### What the task asks:
Nothing except the pictures should be left out when you reproduce the listing exactly.

### Data to examine:
• • • • • • •

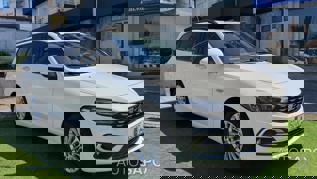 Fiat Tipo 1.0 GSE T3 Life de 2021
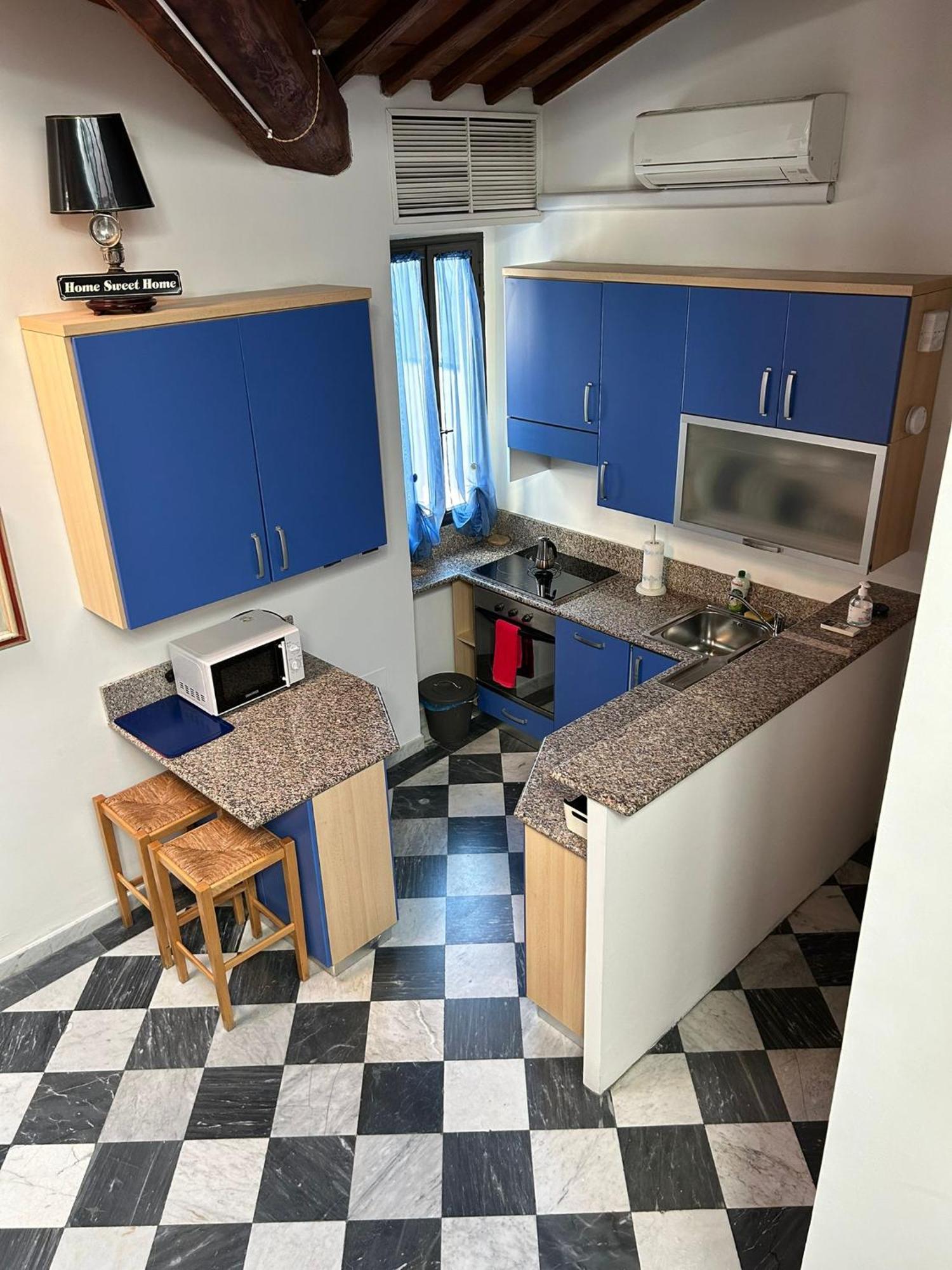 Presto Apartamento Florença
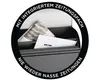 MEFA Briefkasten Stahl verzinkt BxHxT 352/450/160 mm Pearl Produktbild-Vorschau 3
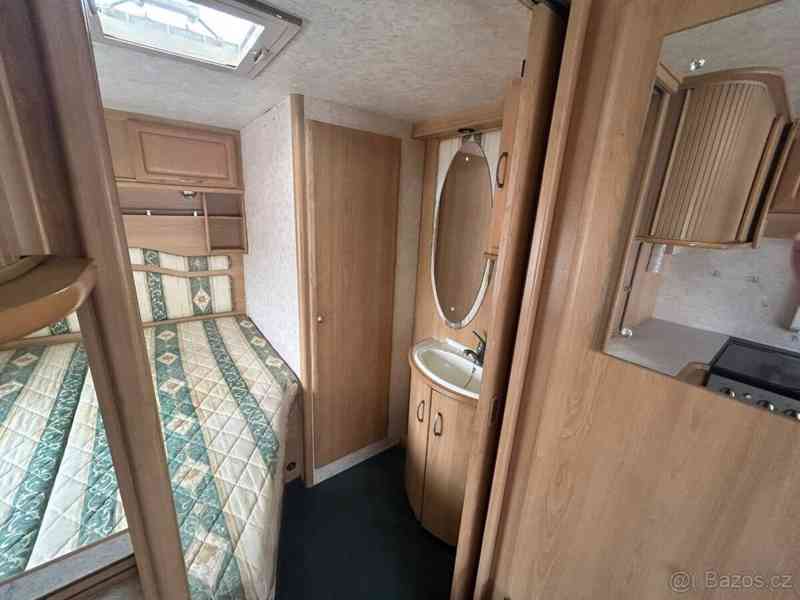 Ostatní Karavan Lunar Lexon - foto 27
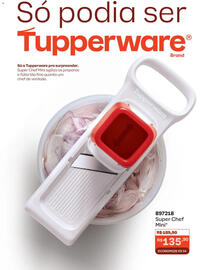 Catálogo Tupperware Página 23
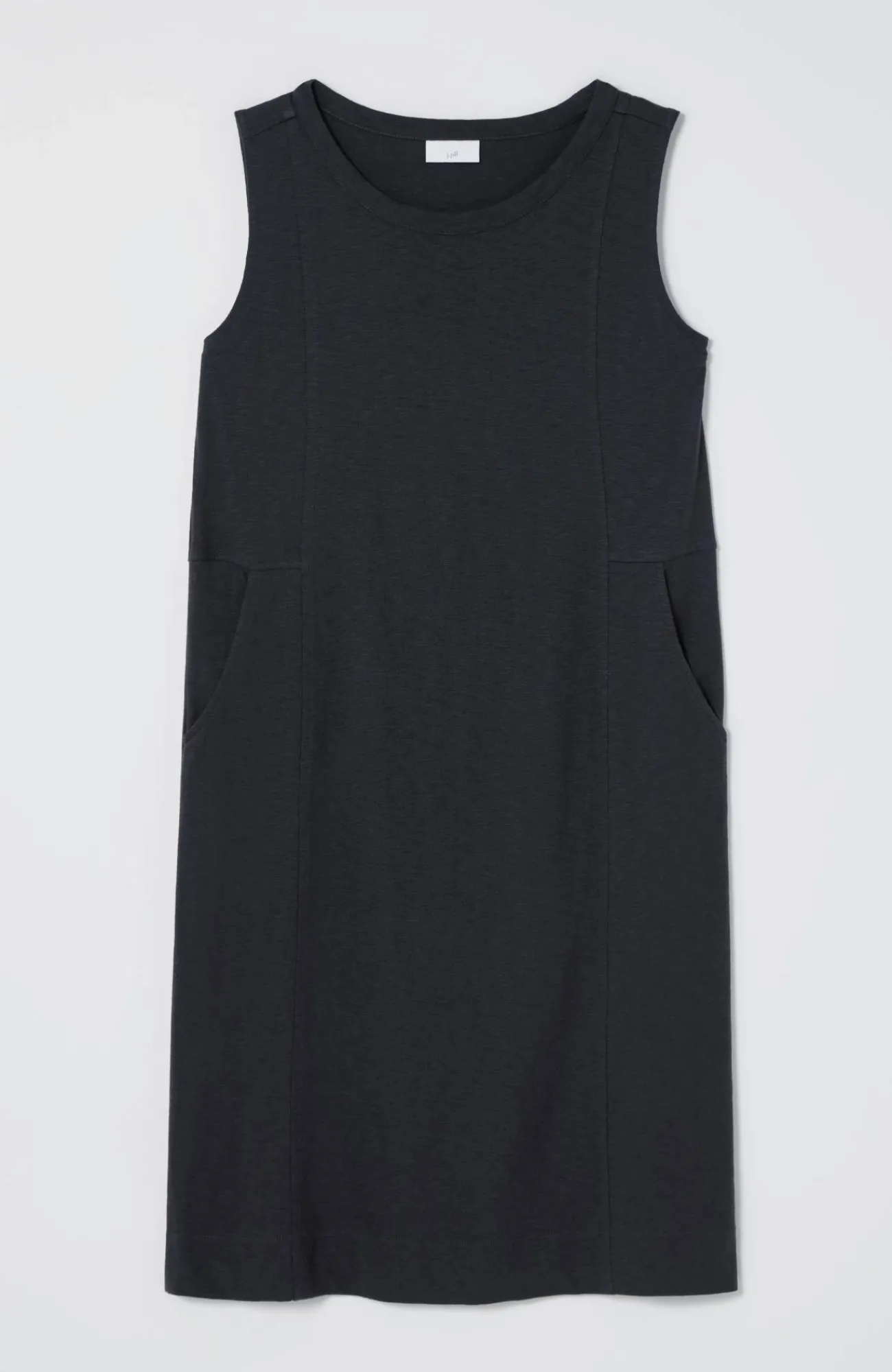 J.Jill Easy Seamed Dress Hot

• • • • • • •

### Solution below:
 Fiat Tipo 1.0 GSE T3 Life de 2021
 Presto Apartamento Florença
 MEFA Briefkasten Stahl verzinkt BxHxT 352/450/160 mm Pearl Produktbild-Vorschau 3
 Ostatní Karavan Lunar Lexon - foto 27
 Catálogo Tupperware Página 23
 J.Jill Easy Seamed Dress Hot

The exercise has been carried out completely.